Not all Alliance members are laughing it off like Naomi Long
It started with a joke. And why not? Alliance is having such a good time this week, its tongue-in-cheek jolly japes spilled over yesterday from its secret Facebook group - where grassroots activists were hilariously rounded up to make 'fake calls' to the BBC - to the launch of the party's election manifesto in Belfast.
The first question from the room was a 'plant', joked one party member. They were rolling in the aisles.
But soon came my question to party leader Naomi Long - after of course, hearing all about the party's dedication to "open, honest and transparent politics".
We had gone to them on Monday, I reminded her, with information of a straightforward case of good old-fashioned dishonesty.
The party's top spin doctor had sent at least two missives to the party faithful encouraging them to "hijack" Radio Ulster's Talkback show for the second year in a row.

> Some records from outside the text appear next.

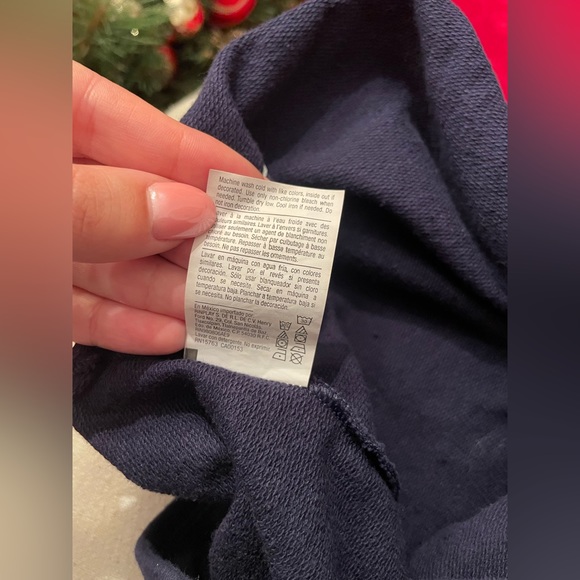 Hanes Women’s Capri Sweatpants - Picture 4 of 7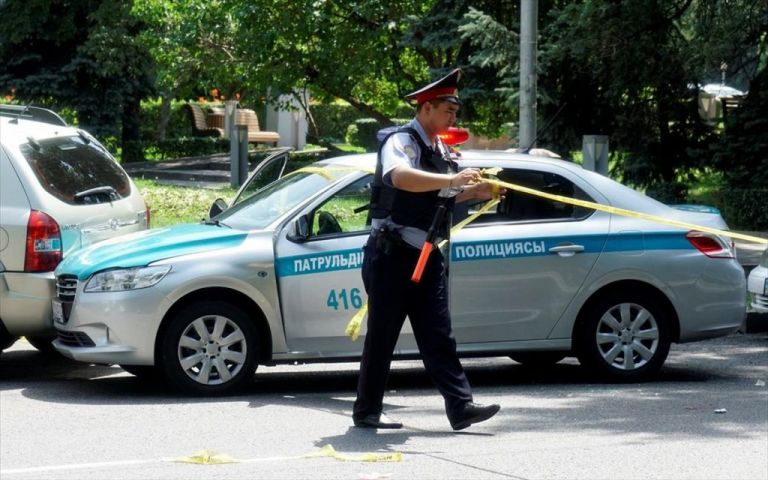 Καζακστάν : Μαχαίρωσε τον φίλο του και τάισε με τη σορό του αδέσποτες γάτες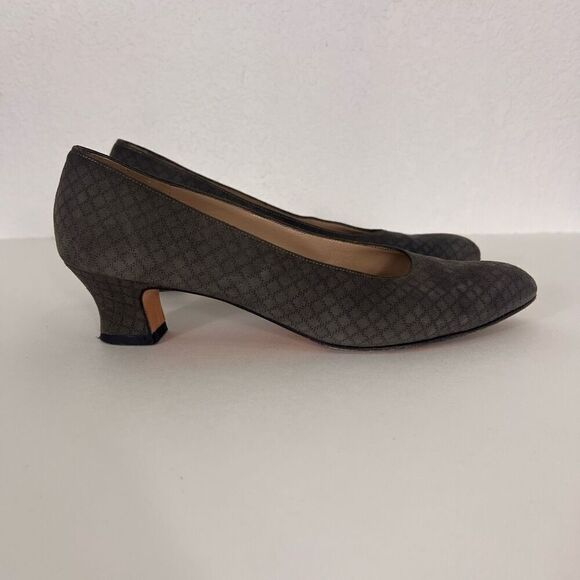 Salvadore Ferragamo Grey Suede Diamond Pattern Low Heels - Picture 4 of 11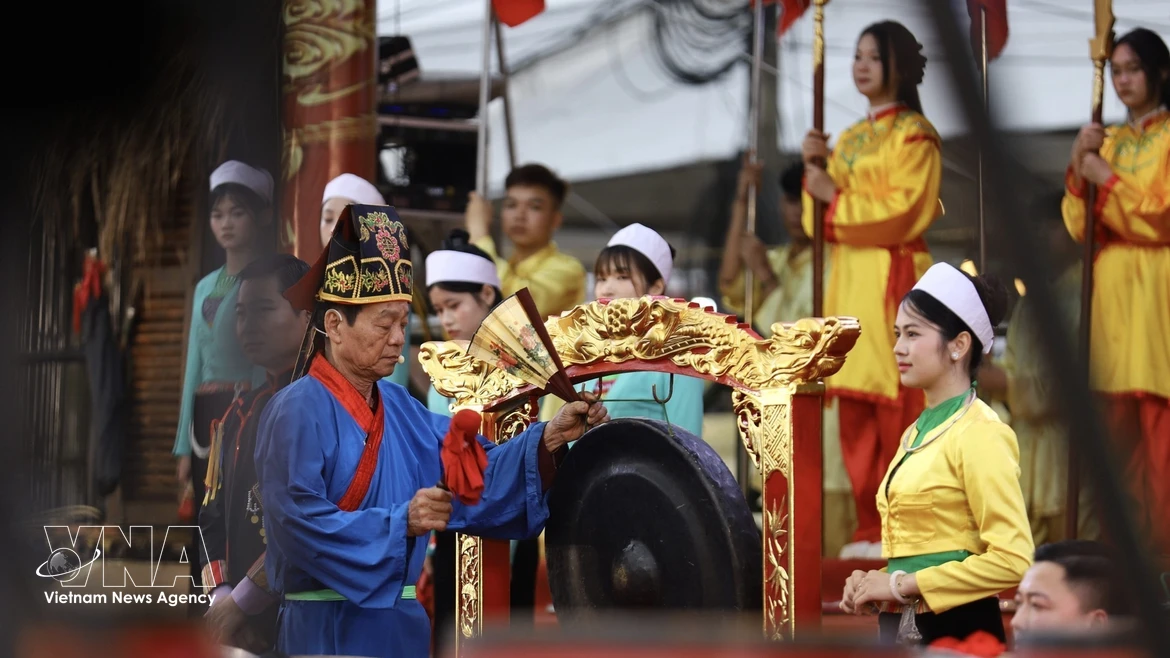 Un chaman accomplit avec solennité un rituel de prière en faveur de récoltes abondantes et de la prospérité de la communauté. Photo: VNA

"Softballs" would be helpful for Mrs Long in her party leader's interview with William Crawley last week, and "tricky" questions would work a treat for political opponents.
The party's media guru advised Alliance activists they could give "fake names and locations" if they fancied it. But of course they should keep information about their ties to the party out of the picture.
The party's response? To laugh it off, to say the posts were tongue-in-cheek. And vitally, to claim all the other parties are at it, too.
And so to yesterday, and Mrs Long's answer to my simple question - could the party have taken our story more seriously? "If it had been serious, then it would have been," she said.
So she didn't consider it serious.And she kindly went on to explain to me that indeed the posts were tongue-in-cheek, that for people in the know, familiar with these things, parties struggled even to get people willing to go along to invited places on audience debates. "So the tongue-in-cheek in that was very clear," she added.
It wasn't totally clear to me, I must admit. I think, although I can't be sure, that she meant the joke was that even this forthright callout on Facebook might not work. But their Press man did boast online that the party had been "pretty successful last year with hijacking the show" - so I guess amidst all the hilarity was a small glimmer of hope.
Unfortunately, as I went to ask a second question, the microphone was taken from my hand and I was told it was "one question only".
So I'll put my next question out there now. Are you sure Mrs Long, that it was all light-hearted? Because on those secret social media pages were also concerns raised by some of your party colleagues. One said the practice was "deceitful and unethical" while another said he was "disappointed" the party thought it was acceptable - so not everyone was laughing. Not everyone got the "very clear" tongue-in-cheek tone. And no one involved in the posts seemed to explain it to them either.
But Alliance aren't the only ones who seem to find this story, and the planting of fake callers on a public broadcast programme, funny. Yesterday, William Crawley opened his show with Shirley Bassey's Goldfinger. The 'Belfast Bond' assured listeners he and the team had "survived" the hijack plot.
He said: "I know some of you will be concerned after reading the front page of the Belfast Telegraph this morning about our safety after a reported attempt to hijack us, but I just want you to know, it's fine, we survived the plot."
The BBC wouldn't directly address Alliance's claim it "hijacked" their show last year, and that they've been working to do it again. They wouldn't respond either to the party's claim it's "standard practice" in politics. So just what do they think?
The BBC is a public broadcaster; we pay a licence fee to allow them do their jobs. But if they can't fill their shows with genuine callers, then their shows don't work. And if they don't work, scrap them, and let Hugo Duncan play all day. Because the electorate - and the licence fee payers - deserve better. We have to listen to enough spiel from the politicians themselves without having to hear from their stooges-in-disguise too.